EXERCISE DATA section start
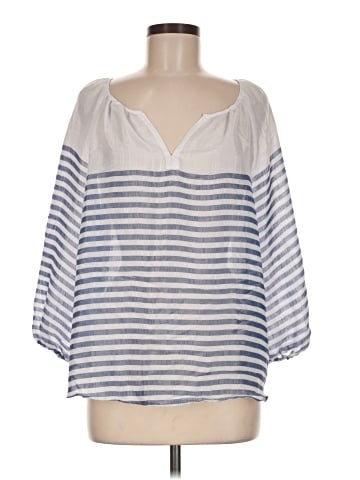 Zac & Rachel 3/4 Sleeve Blouse (view 1)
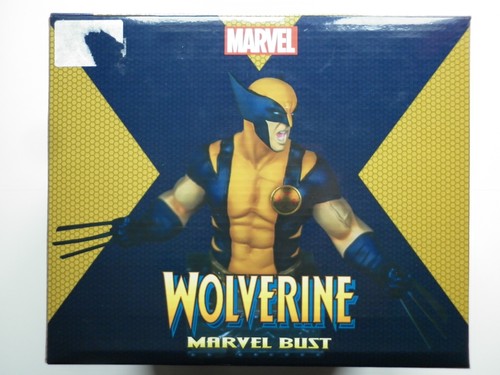 Sémic buste wolverine marvel - buste,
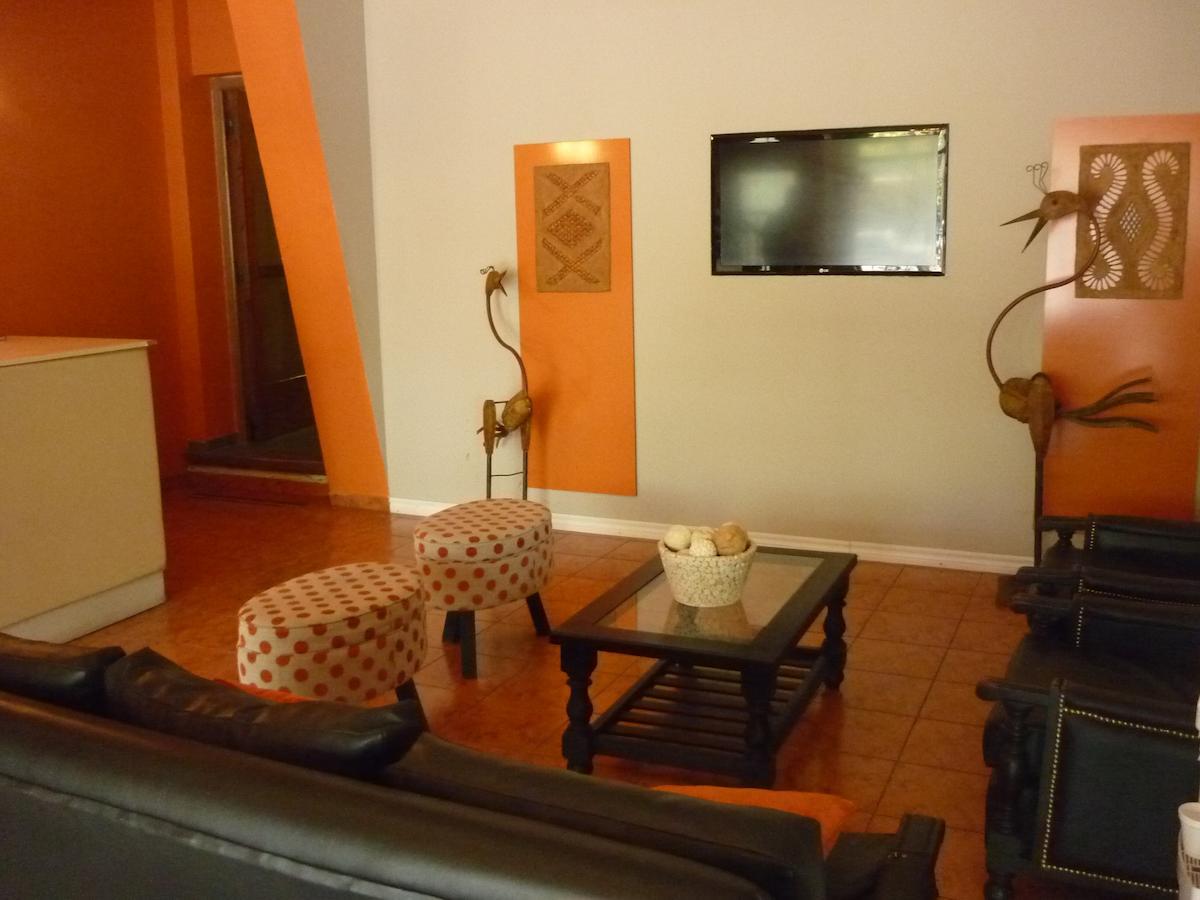 Bonito Hotel San Rafael  Buitenkant foto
EXERCISE DATA section end
Take the line with "Sémic buste wolverine" and each line after it through the end of the material above, and reproduce them exactly, both ends included, without pictures.

 Sémic buste wolverine marvel - buste,
 Bonito Hotel San Rafael  Buitenkant foto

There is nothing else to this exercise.